University of Arizona
College of Engineering
Client: Sayyed Mohsen Vazirizade (University of Arizona – Department of Civil Engineering)
Consultants: Elmira, Haozhe, Samir, Amy (author)
12 November 2019, 3-4:30pm
A. Overview of Client’s Problem
Sayyed is focusing on estimating distribution of significant wave heights only using the histogram of those wave heights. Based on the prior knowledge, he fitted the Weibull distribution with 3 parameters, and the parameters were estimated based on the least squares (LS), the maximum likelihood method (MSE), and method of moments (MM). In order to determine which of the estimated distributions is the best, he used the p-values from the goodness of fit test, RMSE, and the likelihood ratios. He wants to know if there are better methods to 1) estimate the parameters of the Weibull distribution and 2) test the performance of different density estimations.
1) Data details
The only available data is the histogram of the total number of significant wave heights, which are top 1/3 of the maximum wave heights, in year. The data is grouped into bins, and from the histogram, the distribution is skewed to the right, and the heavy tail is important feature in the distribution (but is not of our interest now).
2) Background information
There is no standard practice available in the literature to work only with the information from the histogram of the data. He also obtained the LS, MSE, and MM estimators based on the CDF of the histogram, not the PDF. The LS estimators were obtained by minimizing the distance between the fitted Weibull distribution and the end point of each bin in the histogram.
3) Outcome of interest
- Alternative method to estimate parameters
- Performance metrics to measure which of the estimated densities with different sets of parameters is the best
IV. Next steps
1) Our suggestions
- Simulation study: In order to validate his approaches (the LS, MLE, MM with the CDF of a histogram) and to generalize his methods, we suggested generating samples from the Weibull distribution with different sets of parameters. Using the generated samples, he can create histograms and apply his methods to see if it works for general cases, other than this specific dataset.
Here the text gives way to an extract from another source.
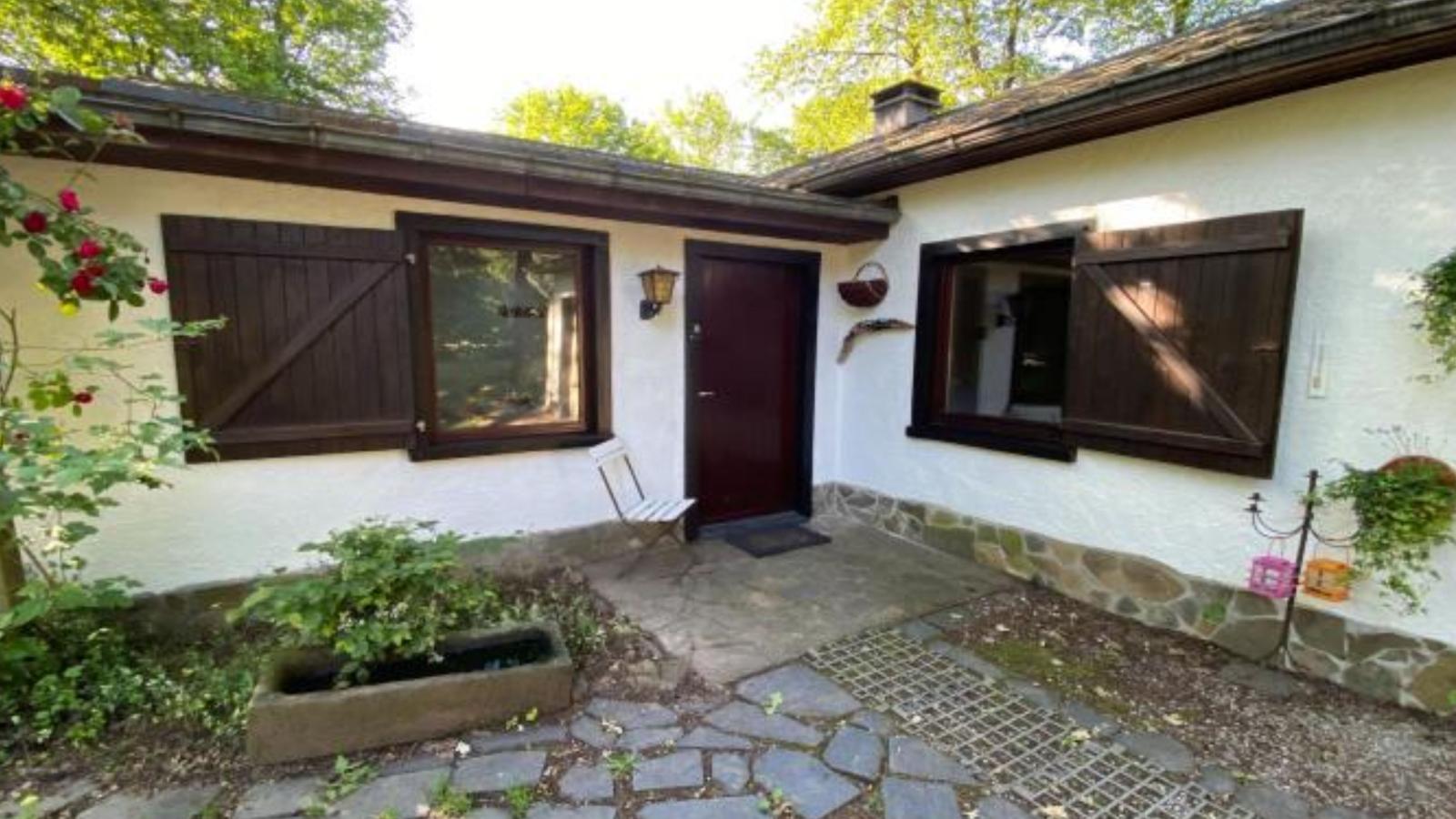 Boogie House-Exterior in summer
- Reliability of the p-values from the goodness of fit test: Since there are only 9 bins in the histogram, which is like a test with 9 observations, we told him not to heavily rely on the p-values from the goodness of fit test. For a small sample, a Bayesian approach might be useful, which assume a prior distribution of parameters based on the background knowledge. However, according to Sayyed, the prior was assumed to be uniform for one of the parameter, which will not add any information. So, if that is the case, it might not be useful.
- We suggested looking at simpler situations with only two parameters, excluding the third parameter, gamma, which accounts for the shift of the Weibull distribution. If he wants to use all three parameters, he would want to fix gamma, and conditional on that given gamma, he can estimate alpha and beta, the other two parameters.
2) Things to be discussed in class
- What other methods are available for the parameter estimation?
- Any other methods other than the goodness of fit test? How do you measure which density estimation method is good or not? We need to come up with a method to determine which set of parameters is the best.